Dipimpin langsung Ki Dede Sudiarto selaku Sekretaris Umum komunitas ini serta didampingi beberapa pengurus harian PUB Lebak lainnya yaitu Ki Ace Sumirsa Ali (menjabat Wakil Ketua Komisioner Baznas Provinsi Banten), Ais Fallet (Ketua Komunitas Salam Setetes Darah Banten), Nyi Entin, dan Ki Putra.

Dari tinjauan dan pengumpulan informasi serta data langsung di lapangan kemudian akan ditindaklanjuti. PUB Lebak siap merumuskan proposal pembangunan jembatan untuk kemudian diajukan kepada sejumlah tokoh, perusahaan, kementerian, lembaga, serta para donatur.

Dalam menjaga transparansi, tentu saja PUB Lebak akan menyelenggarakan proses pembangunan secara tranparan dan akuntabel.

Respons sigap yang ditujukan PUB Lebak terhadap pembangunan jembatan gantung Leuwi Ipuh berangkat dari keprihatinan terhadap nasib jembatan tersebut yang tidak kunjung mendapat perhatian dari pemerintah.

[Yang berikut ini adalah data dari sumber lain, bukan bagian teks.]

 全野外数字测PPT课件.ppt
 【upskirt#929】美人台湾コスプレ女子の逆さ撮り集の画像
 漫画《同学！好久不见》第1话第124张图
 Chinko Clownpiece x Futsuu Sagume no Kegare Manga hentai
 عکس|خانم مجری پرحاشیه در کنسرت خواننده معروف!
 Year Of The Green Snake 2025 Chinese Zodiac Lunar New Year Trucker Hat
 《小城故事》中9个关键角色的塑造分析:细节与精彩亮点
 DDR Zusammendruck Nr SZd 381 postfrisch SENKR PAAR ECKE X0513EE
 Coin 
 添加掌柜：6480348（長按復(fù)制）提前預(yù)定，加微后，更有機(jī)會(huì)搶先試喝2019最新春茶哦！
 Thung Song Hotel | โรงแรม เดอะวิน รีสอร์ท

Seperti diberitakan, jembatan yang putus pada Rabu (10/4/2024) itu menyebabkan belasan warga yang melintas tercebur ke sungai dan mengalami luka-luka. Nahasnya, peristiwa tersebut berlangsung ketika warga sedang merayakan Hari Raya Idulfitri 1445 H.

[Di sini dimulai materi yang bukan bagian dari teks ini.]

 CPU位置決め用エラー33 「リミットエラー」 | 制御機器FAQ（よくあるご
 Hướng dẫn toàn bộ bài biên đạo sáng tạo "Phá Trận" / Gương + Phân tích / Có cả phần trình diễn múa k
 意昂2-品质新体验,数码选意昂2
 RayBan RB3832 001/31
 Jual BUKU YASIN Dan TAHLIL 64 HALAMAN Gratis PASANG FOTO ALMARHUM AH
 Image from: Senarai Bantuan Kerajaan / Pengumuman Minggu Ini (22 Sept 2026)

Sejak peristiwa itu, penggunaan jembatan yang cukup vital bagi warga sekitar terhenti. Situasi ini tentunya sangat disesalkan warga, karena mengganggu mobilitas mereka sehari-hari.

Kadis Pekerjaan Umum dan Penataan Ruang (PUPR) Kabupaten Lebak Irvan Suyatufika mengatakan, status jembatan tersebut merupakan tanggung jawab Dinas Pemberdayaan Masyarakat dan Desa.

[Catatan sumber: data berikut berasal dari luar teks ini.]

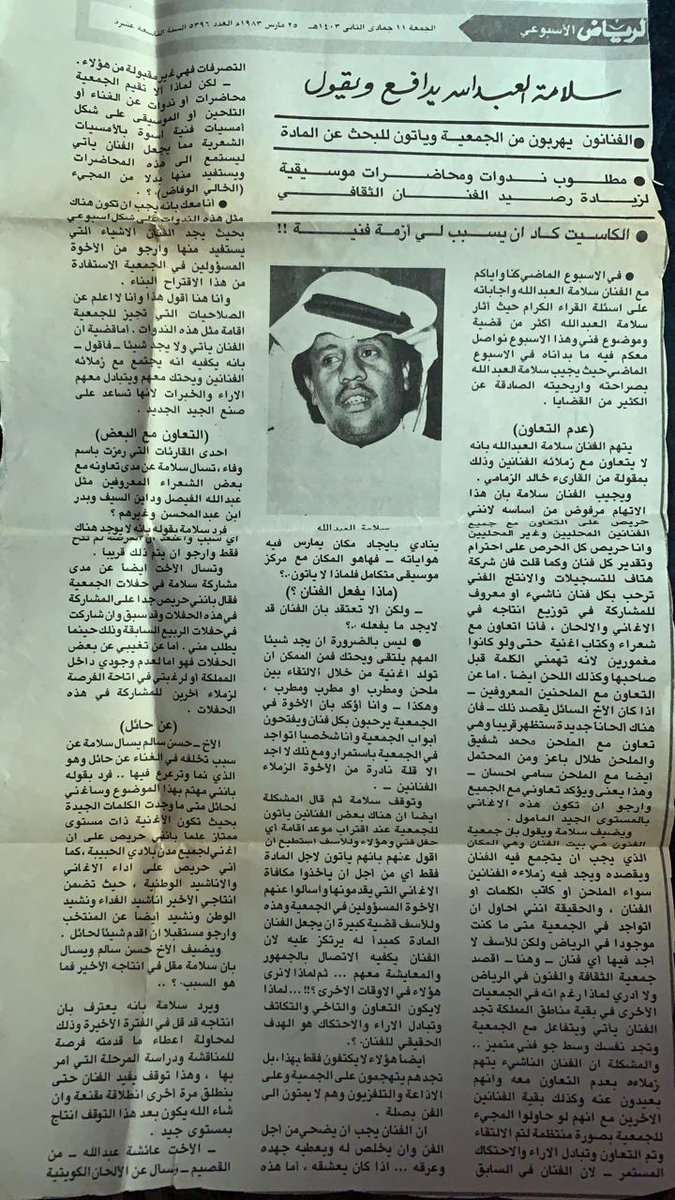 من أرشيف #جريدة_الرياض 
نشر بتاريخ 11 / 6 / 1403 هـ الموافق 25 / 3 / 1983 م
#سلامة_العبدالله :
الكاسيت كاد أن يسبب لي أزمة فنية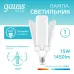 Лампа Gauss Basic 15W 1450lm 4000K E27 Клевер-2 LED 1/20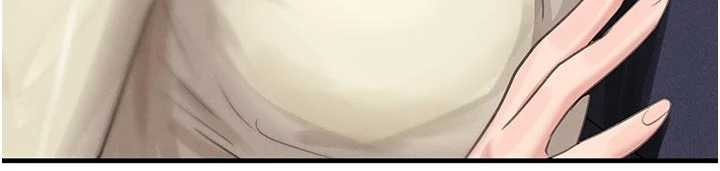 黑道千金第62話-母狗的失神阿嘿顏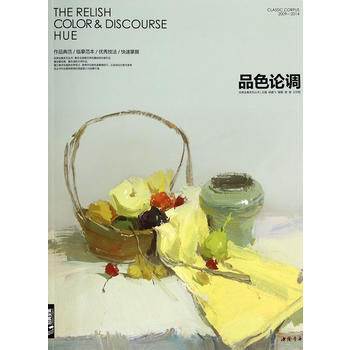 正版程經典全集係列叢書品色論調9787514911251楊建飛,曾星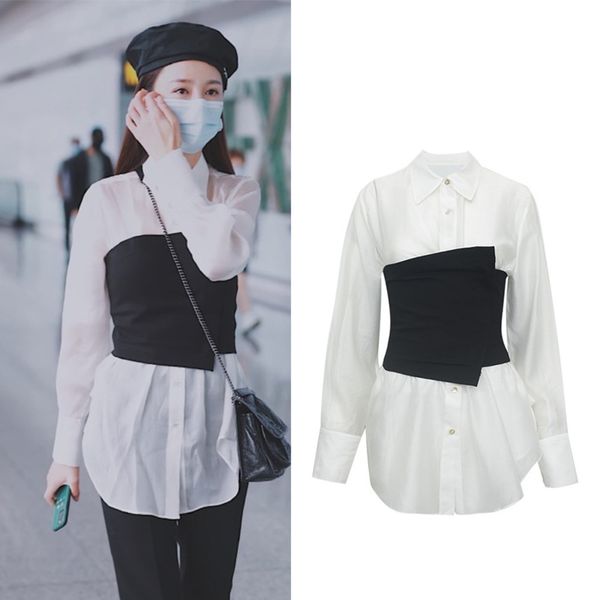 

shen mengchen's two-piece french niche waist shirt, White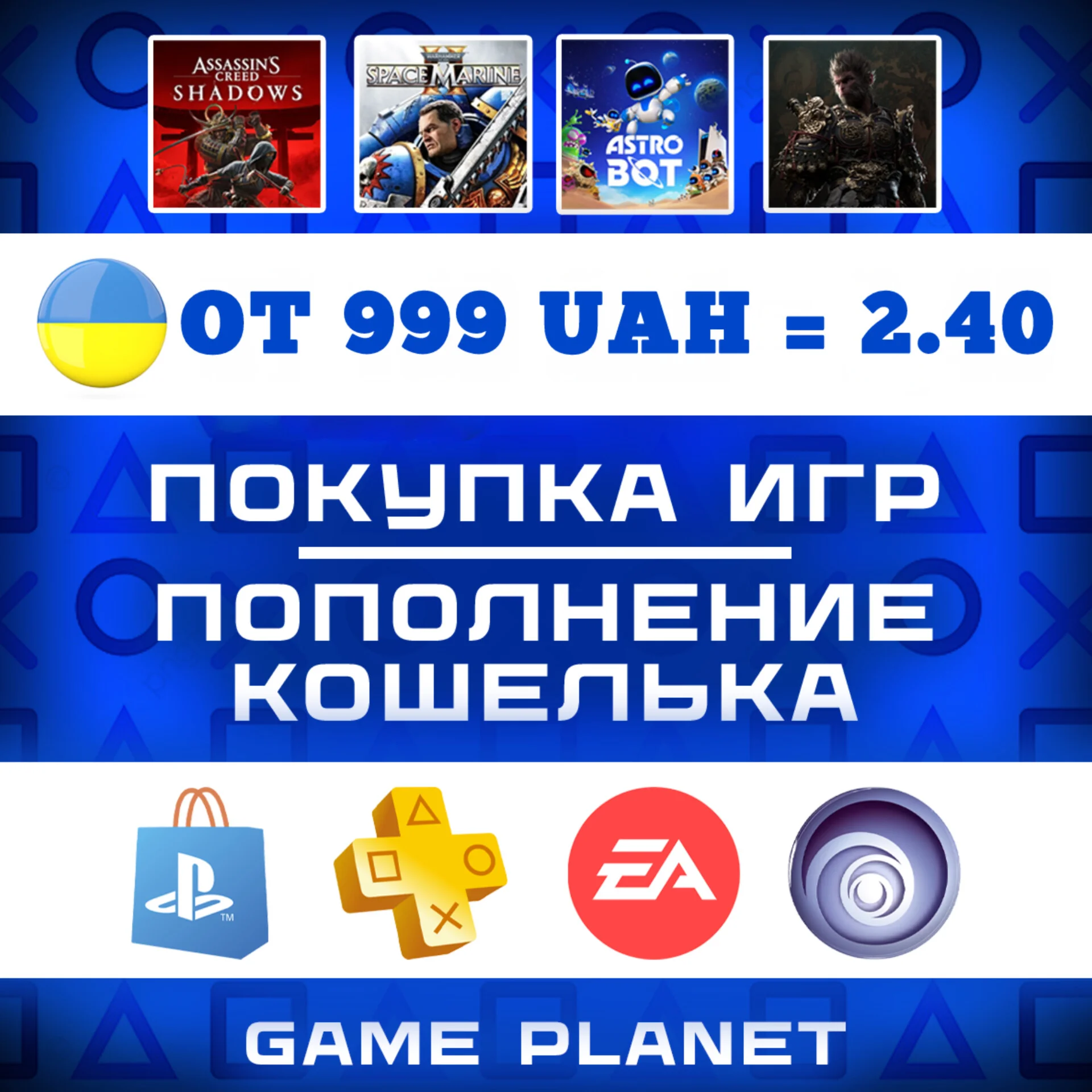 ПОПОЛНЕНИЕ PSN УКРАИНА/ПОКУПКА ИГР/PS PLUS/EA PLAY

“Kendala belum dibangun atau tidak dianggarkan pada 2024 posisi jembatan tersebut masuk kewenangan pemerintahan desa. PUPR masih fokus penanganan terhadap jalan dan jembatan yang menjadi kewenangan kabupaten,” ujarnya.

Ketika ditanyakan apakah jembatan gantung tersebut bukan prioritas, Irvan menjawab bahwa pemerintah masih fokus kepada pembangunan jalan rusak. “Kita fokus ke jalan kabupaten yang kondisi rusaknya masih di 187 km dari 749 km,” katanya.

Ki Dede Sudiarto, Sekretaris Umum PUB Lebak berkomitmen terus melakukan aksi sasieur sabenyeur demi membantu masyarakat yang sangat membutuhkan akses jalan melalui jembatan tersebut.

“Yang penting bangunan yang cepat saja. Kalau ada dari dinas yang bangun lebih cepat, kita alihkan ke tempat lain. Namun, berdasarkan pengalaman jumlah jembatan gantung di Lebak tidak bisa discover sama APBD Lebak,” katanya.

“Jangankan jembatan gantung yang di pelosok seperti di Leuwi Ipuh, jalan kantor kecamatan Leuwidamar saja sampai sekarang tidak dibangun-bangun,” ucapnya.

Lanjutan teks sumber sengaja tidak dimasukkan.